3 Nov – Mountaineering to Camp 2 – the real deal! – 5500m to 6100m

Today is the real deal. We wake up and start the morning routine of melting snow, preparing ‘breakfast in a bag’, eating, packing our huge down sleeping bags, stuffing our backpacks, dressing for the weather (sunny but cold).

We hit the slope for a 600m / 5 hours ascent. Ice axes are not required for now and stay on our backpacks. Crampons will be needed later and are hanging off the back of our packs. Xav and I walk in front with Chris, Glenn follows with junga. Florence hasn’t slept for the nth night and Chris tells her to either stay st camp 1 or descent to Favor recovery.

It’s time to put on the crampons to get on the hanging glacier that will take us to camp 2. The slopes are getting steep. The real deal is now officially starting. Out of breath from putting the crampons we step onto old dark ice roped in Chris, Xavier and myself. All 12 teeth of the crampons do an amazing job keeping us on the slope. It’s key to get as many teeth as possible in the ice and not only the front one. Cramponing is not rocket science but requires a little patience to get it right to guarantee safety.

We traverse some amazing scenery of hanging ice and snow, skip over crevasses too deep for the eye to see the bottom of them. It’s fascinating, tiring and getting cold on the glacier. We have to stop briefly and layer up before we are frozen to the bone. The wind blows and the altitude guarantees cold winds. The -29C gloves come out of the bag in a hurry, the fleece is thrown over our goretex pro jackets. We keep climbing roped in with Chris, out of breath, approaching the 6000m barrier our garmin watches telling us how high we are. Suddenly: Tents on the horizon surrounded by glaciers and the towering himlung himal summit at 7125m above us. We have reached camp 2!
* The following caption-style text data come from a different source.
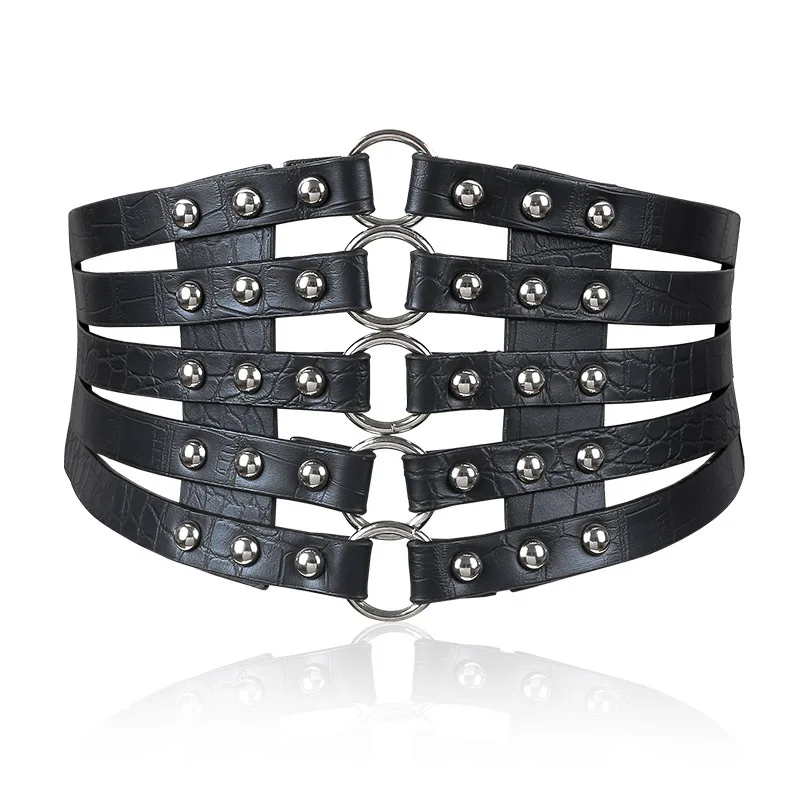 

Fashion Self Tie Wide Belts belt Elastic slim corset body shaper black faux leather retro Punk Rivet Waist belt Cummerbund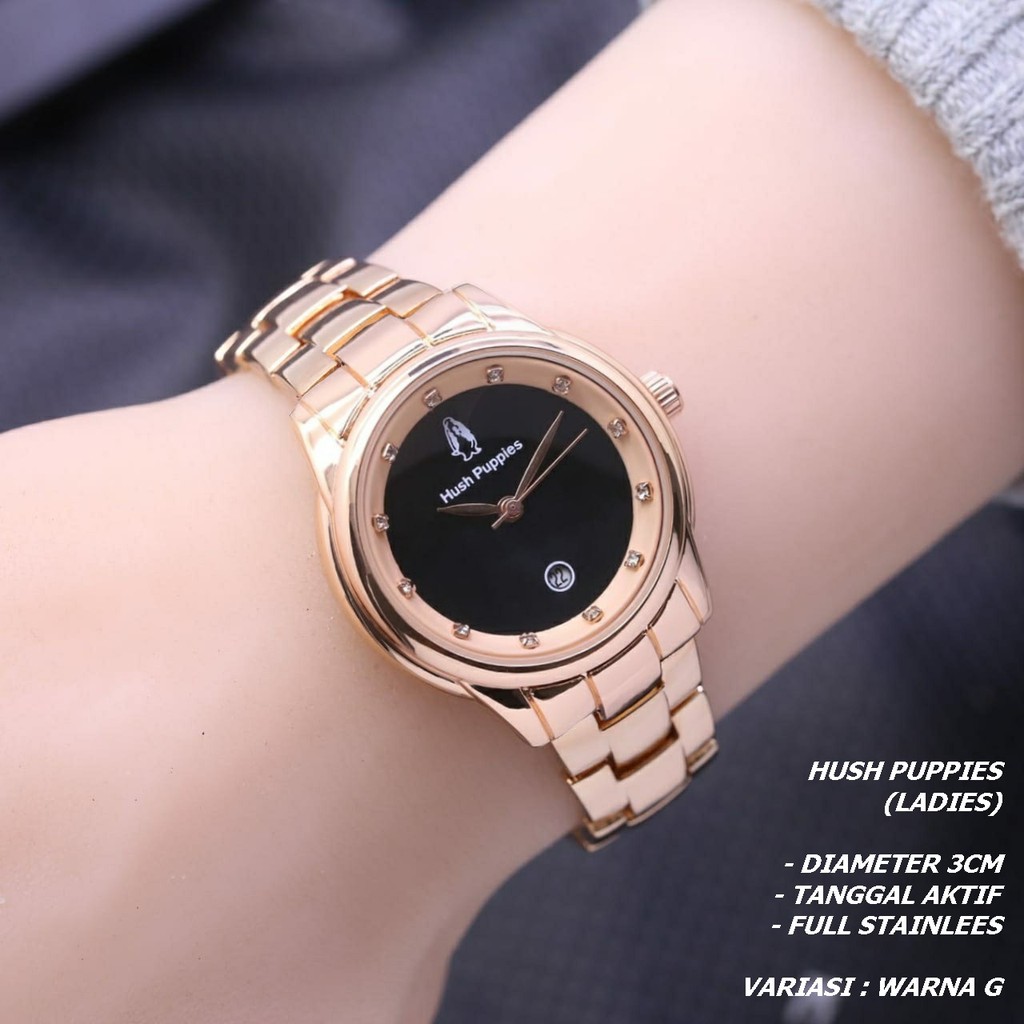 JAM TANGAN WANITA HUSH PUPPIES RANTAI BODY BULAT TANGGAL AKTIF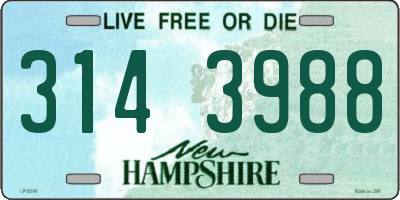 NH license plate 3143988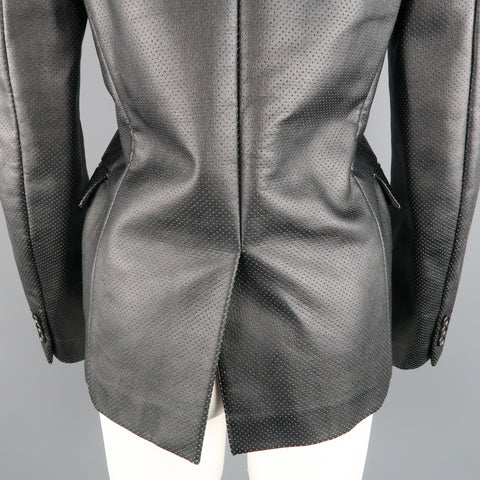 COMME des GARCONS S Blazer en simili cuir perforé noir à revers cranté 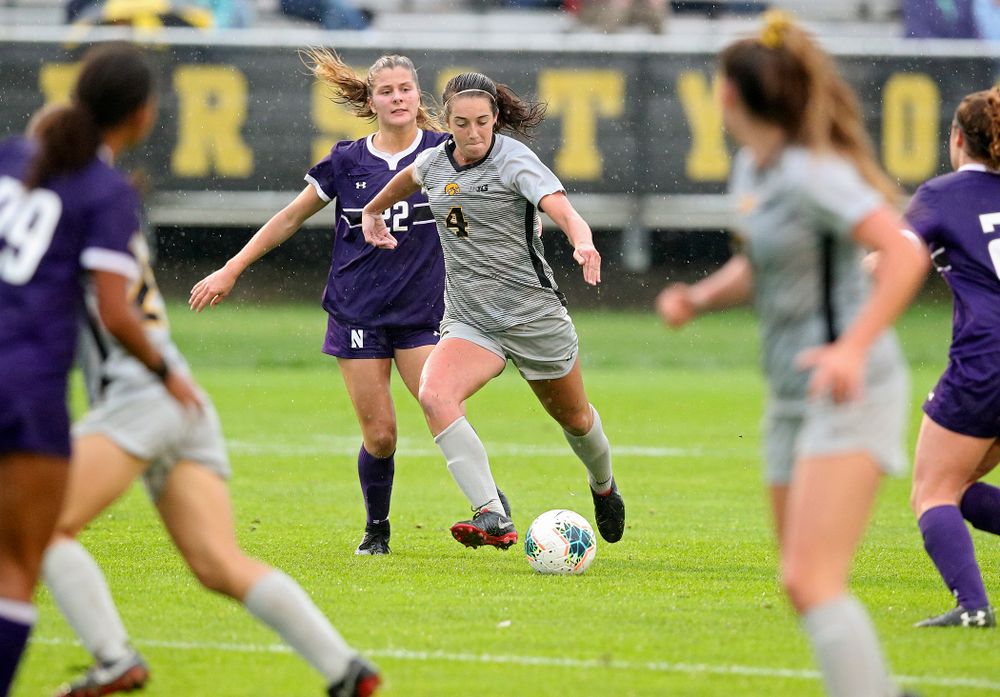 Iowa forward Kaleigh Haus (4) moves with the ball during the second half of their match at the Iowa Soccer Complex in Iowa City on Sunday, Sep 29, 2019. (Stephen Mally/hawkeyesports.com)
Our tent is on the side of a steep slope with a view that cannot be described for its beauty knows no words.

Glenn is about an hour behind. There has been a snafu with crampons and he does not have his own pair and therefore impossible to fit them on. He exchanged with junga and it works! But soon after their climb is stopped by a radio call from Florence who decided against Chris’s advice to climb up for acclimatisation. She cannot cross the glacier without being roped in for safety and Glenn had to wait 45′ in the snow on the glacier while Junga turns around to pick up Florence.

I walk towards Glenn, Junga and Florence to film their arrival at camp 2 without knowing that Florence has to turn around immediately to go down with junga before dark as she has left all her sleeping equipment at camp 1. It’s a weird situation, Chris is concerned for safety, Florence upset by Chris’ reaction and Glenn eager to arrive to his tent and settle after a long day. It’s cold, windy and the water making routine starts over again. Xav and I eat and settle in for s cold -13C night in the tent. Poor Glenn spends one of the worst nights of his life freezing on the snow as his mattress is punctured and cannot insulate from the intense cold at 6100m.